§ **What the exercise asks**: Nothing outside the lines below from the one containing "Travelodge By Wyndham Toronto East" through the one containing "Signature Red Roses" is to be printed; print those exactly, ends included, and drop the pictures.

§ **Supplied records**:
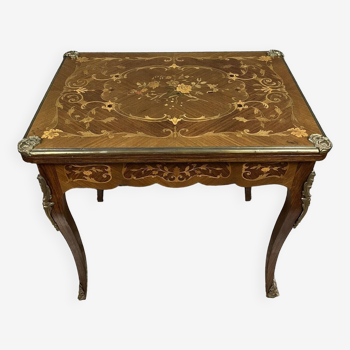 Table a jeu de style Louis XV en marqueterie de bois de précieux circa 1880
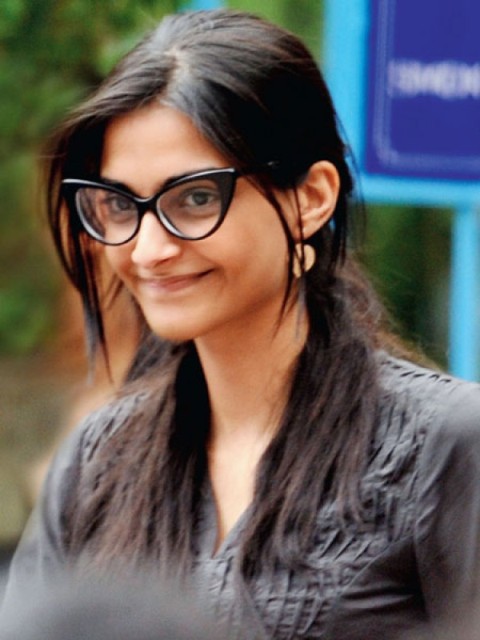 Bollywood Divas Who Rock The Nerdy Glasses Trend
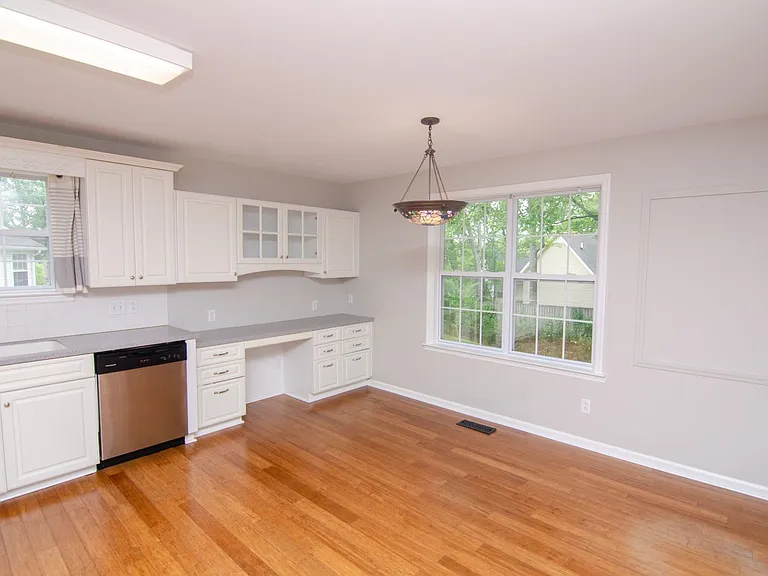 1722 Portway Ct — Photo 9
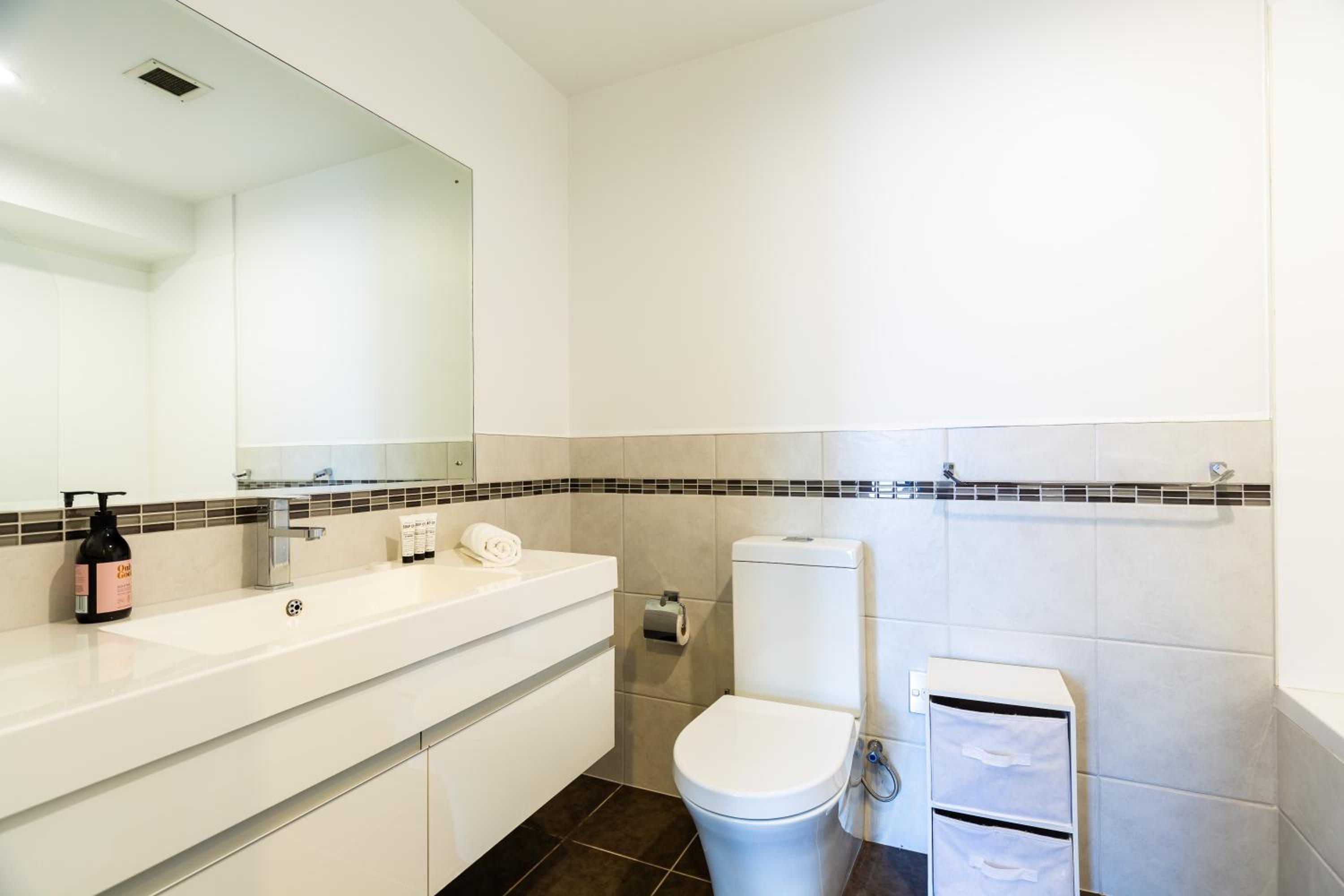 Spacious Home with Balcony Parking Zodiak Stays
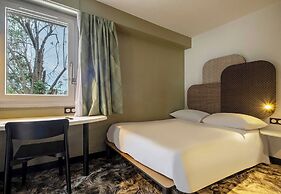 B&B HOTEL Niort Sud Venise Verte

...

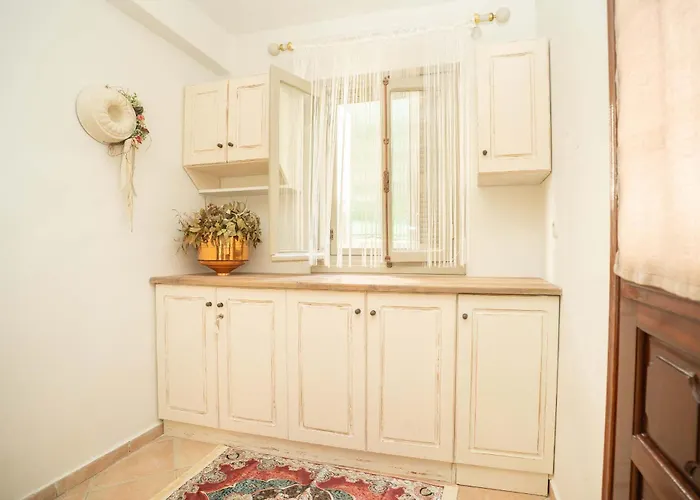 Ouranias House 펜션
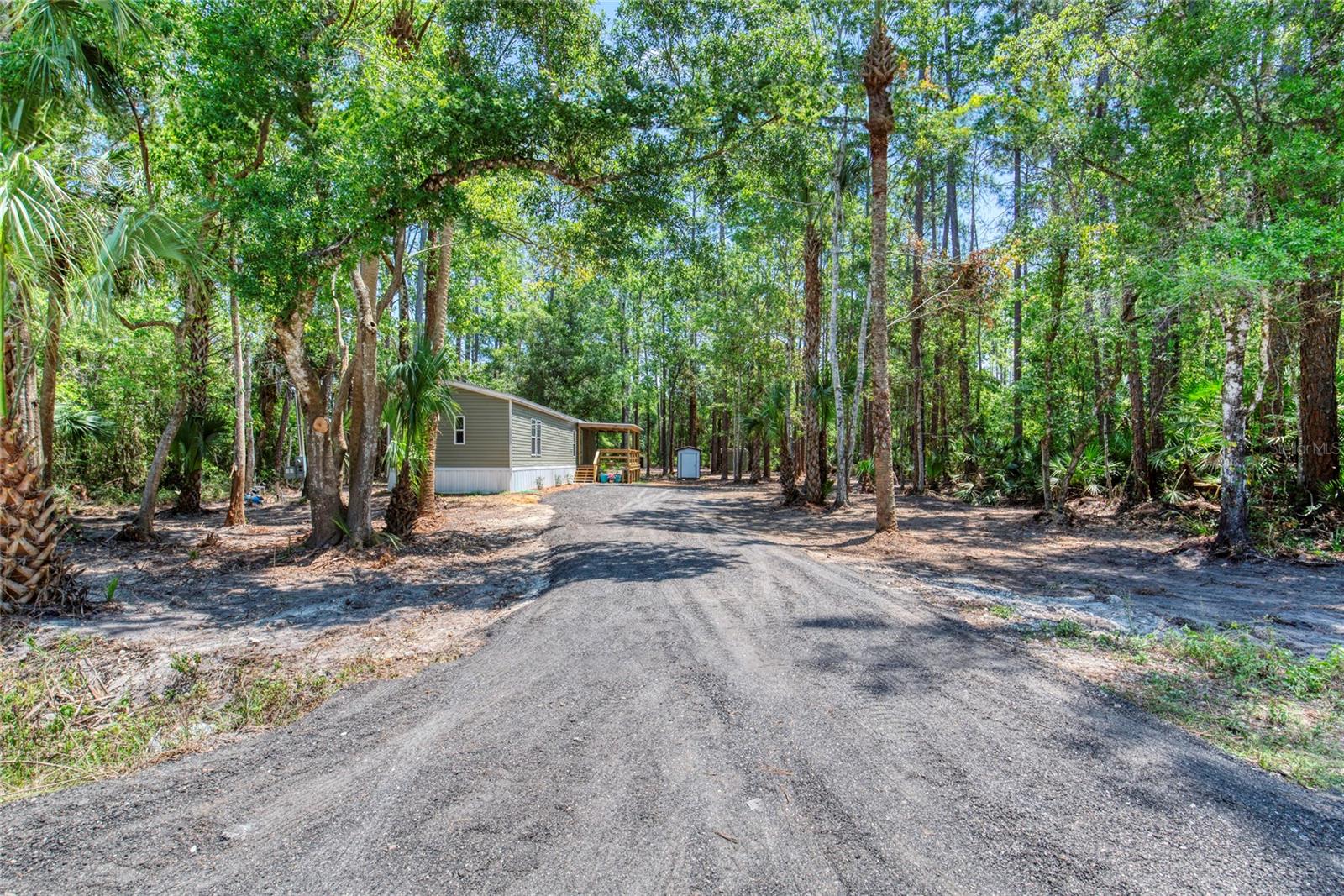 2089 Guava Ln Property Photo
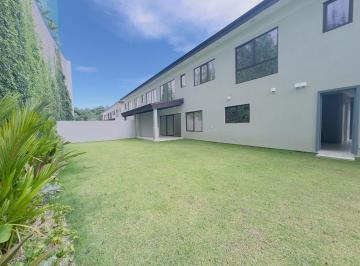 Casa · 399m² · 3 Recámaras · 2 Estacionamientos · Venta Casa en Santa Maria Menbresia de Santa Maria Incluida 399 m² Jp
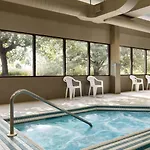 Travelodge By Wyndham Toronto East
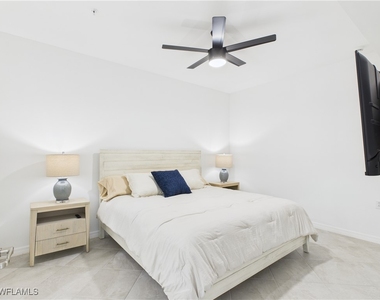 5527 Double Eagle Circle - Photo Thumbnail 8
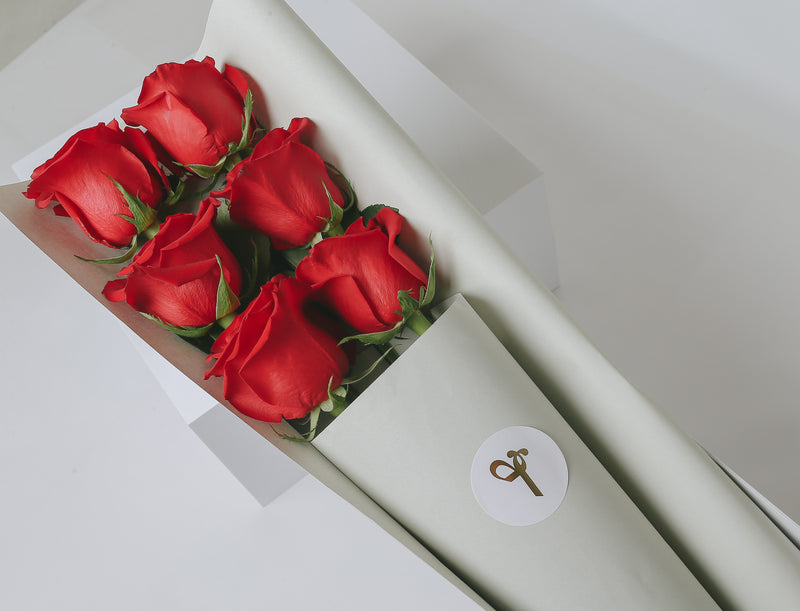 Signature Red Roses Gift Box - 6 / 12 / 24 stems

§ **Solution below**:
 Travelodge By Wyndham Toronto East
 5527 Double Eagle Circle - Photo Thumbnail 8
 Signature Red Roses Gift Box - 6 / 12 / 24 stems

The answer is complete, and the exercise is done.